§ **Task directions**: The answer must be every record below, repeated exactly.

§ **Entries provided**:
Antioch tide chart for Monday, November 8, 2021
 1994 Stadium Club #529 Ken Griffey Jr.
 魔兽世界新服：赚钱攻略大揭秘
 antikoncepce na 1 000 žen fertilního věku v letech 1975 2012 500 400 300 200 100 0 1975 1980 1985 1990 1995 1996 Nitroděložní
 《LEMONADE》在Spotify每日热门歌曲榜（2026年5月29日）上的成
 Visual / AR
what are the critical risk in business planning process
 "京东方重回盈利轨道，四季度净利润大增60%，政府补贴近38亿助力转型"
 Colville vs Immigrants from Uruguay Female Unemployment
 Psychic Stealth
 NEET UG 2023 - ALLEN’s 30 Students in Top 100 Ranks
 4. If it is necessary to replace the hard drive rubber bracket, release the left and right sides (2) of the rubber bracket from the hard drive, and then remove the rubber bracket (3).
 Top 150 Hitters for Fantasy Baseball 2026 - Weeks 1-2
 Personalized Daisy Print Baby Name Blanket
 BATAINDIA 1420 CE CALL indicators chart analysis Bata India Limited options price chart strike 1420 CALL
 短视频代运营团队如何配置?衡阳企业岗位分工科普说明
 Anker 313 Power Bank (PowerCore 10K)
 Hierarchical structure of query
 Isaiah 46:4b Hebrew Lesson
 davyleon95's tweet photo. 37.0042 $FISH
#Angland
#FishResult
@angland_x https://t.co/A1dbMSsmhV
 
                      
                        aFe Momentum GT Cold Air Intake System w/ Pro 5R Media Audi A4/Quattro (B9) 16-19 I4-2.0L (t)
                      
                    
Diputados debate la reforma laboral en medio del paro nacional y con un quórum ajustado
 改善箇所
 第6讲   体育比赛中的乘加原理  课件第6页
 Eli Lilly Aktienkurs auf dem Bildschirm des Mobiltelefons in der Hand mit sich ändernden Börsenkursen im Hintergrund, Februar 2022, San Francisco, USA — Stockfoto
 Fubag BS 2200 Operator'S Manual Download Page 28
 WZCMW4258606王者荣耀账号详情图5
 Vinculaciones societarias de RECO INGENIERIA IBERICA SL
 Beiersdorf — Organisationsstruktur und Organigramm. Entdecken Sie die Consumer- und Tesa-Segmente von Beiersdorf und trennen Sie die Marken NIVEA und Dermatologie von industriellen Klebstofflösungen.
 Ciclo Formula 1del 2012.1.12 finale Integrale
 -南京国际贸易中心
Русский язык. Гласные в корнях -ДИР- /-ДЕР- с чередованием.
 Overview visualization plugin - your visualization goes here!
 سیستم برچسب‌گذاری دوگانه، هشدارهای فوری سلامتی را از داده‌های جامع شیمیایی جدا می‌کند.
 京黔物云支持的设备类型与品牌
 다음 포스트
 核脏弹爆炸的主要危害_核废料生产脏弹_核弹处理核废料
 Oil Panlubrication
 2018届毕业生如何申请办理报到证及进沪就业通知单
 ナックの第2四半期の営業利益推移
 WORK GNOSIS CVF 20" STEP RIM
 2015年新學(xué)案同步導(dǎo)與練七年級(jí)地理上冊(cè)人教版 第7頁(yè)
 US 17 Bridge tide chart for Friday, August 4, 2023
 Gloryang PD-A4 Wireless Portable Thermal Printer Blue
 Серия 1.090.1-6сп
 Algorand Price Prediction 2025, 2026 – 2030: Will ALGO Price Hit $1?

§ **Result of the exercise**:
Antioch tide chart for Monday, November 8, 2021
 1994 Stadium Club #529 Ken Griffey Jr.
 魔兽世界新服：赚钱攻略大揭秘
 antikoncepce na 1 000 žen fertilního věku v letech 1975 2012 500 400 300 200 100 0 1975 1980 1985 1990 1995 1996 Nitroděložní
 《LEMONADE》在Spotify每日热门歌曲榜（2026年5月29日）上的成
 Visual / AR
what are the critical risk in business planning process
 "京东方重回盈利轨道，四季度净利润大增60%，政府补贴近38亿助力转型"
 Colville vs Immigrants from Uruguay Female Unemployment
 Psychic Stealth
 NEET UG 2023 - ALLEN’s 30 Students in Top 100 Ranks
 4. If it is necessary to replace the hard drive rubber bracket, release the left and right sides (2) of the rubber bracket from the hard drive, and then remove the rubber bracket (3).
 Top 150 Hitters for Fantasy Baseball 2026 - Weeks 1-2
 Personalized Daisy Print Baby Name Blanket
 BATAINDIA 1420 CE CALL indicators chart analysis Bata India Limited options price chart strike 1420 CALL
 短视频代运营团队如何配置?衡阳企业岗位分工科普说明
 Anker 313 Power Bank (PowerCore 10K)
 Hierarchical structure of query
 Isaiah 46:4b Hebrew Lesson
 davyleon95's tweet photo. 37.0042 $FISH
#Angland
#FishResult
@angland_x https://t.co/A1dbMSsmhV
 
                      
                        aFe Momentum GT Cold Air Intake System w/ Pro 5R Media Audi A4/Quattro (B9) 16-19 I4-2.0L (t)
                      
                    
Diputados debate la reforma laboral en medio del paro nacional y con un quórum ajustado
 改善箇所
 第6讲   体育比赛中的乘加原理  课件第6页
 Eli Lilly Aktienkurs auf dem Bildschirm des Mobiltelefons in der Hand mit sich ändernden Börsenkursen im Hintergrund, Februar 2022, San Francisco, USA — Stockfoto
 Fubag BS 2200 Operator'S Manual Download Page 28
 WZCMW4258606王者荣耀账号详情图5
 Vinculaciones societarias de RECO INGENIERIA IBERICA SL
 Beiersdorf — Organisationsstruktur und Organigramm. Entdecken Sie die Consumer- und Tesa-Segmente von Beiersdorf und trennen Sie die Marken NIVEA und Dermatologie von industriellen Klebstofflösungen.
 Ciclo Formula 1del 2012.1.12 finale Integrale
 -南京国际贸易中心
Русский язык. Гласные в корнях -ДИР- /-ДЕР- с чередованием.
 Overview visualization plugin - your visualization goes here!
 سیستم برچسب‌گذاری دوگانه، هشدارهای فوری سلامتی را از داده‌های جامع شیمیایی جدا می‌کند.
 京黔物云支持的设备类型与品牌
 다음 포스트
 核脏弹爆炸的主要危害_核废料生产脏弹_核弹处理核废料
 Oil Panlubrication
 2018届毕业生如何申请办理报到证及进沪就业通知单
 ナックの第2四半期の営業利益推移
 WORK GNOSIS CVF 20" STEP RIM
 2015年新學(xué)案同步導(dǎo)與練七年級(jí)地理上冊(cè)人教版 第7頁(yè)
 US 17 Bridge tide chart for Friday, August 4, 2023
 Gloryang PD-A4 Wireless Portable Thermal Printer Blue
 Серия 1.090.1-6сп
 Algorand Price Prediction 2025, 2026 – 2030: Will ALGO Price Hit $1?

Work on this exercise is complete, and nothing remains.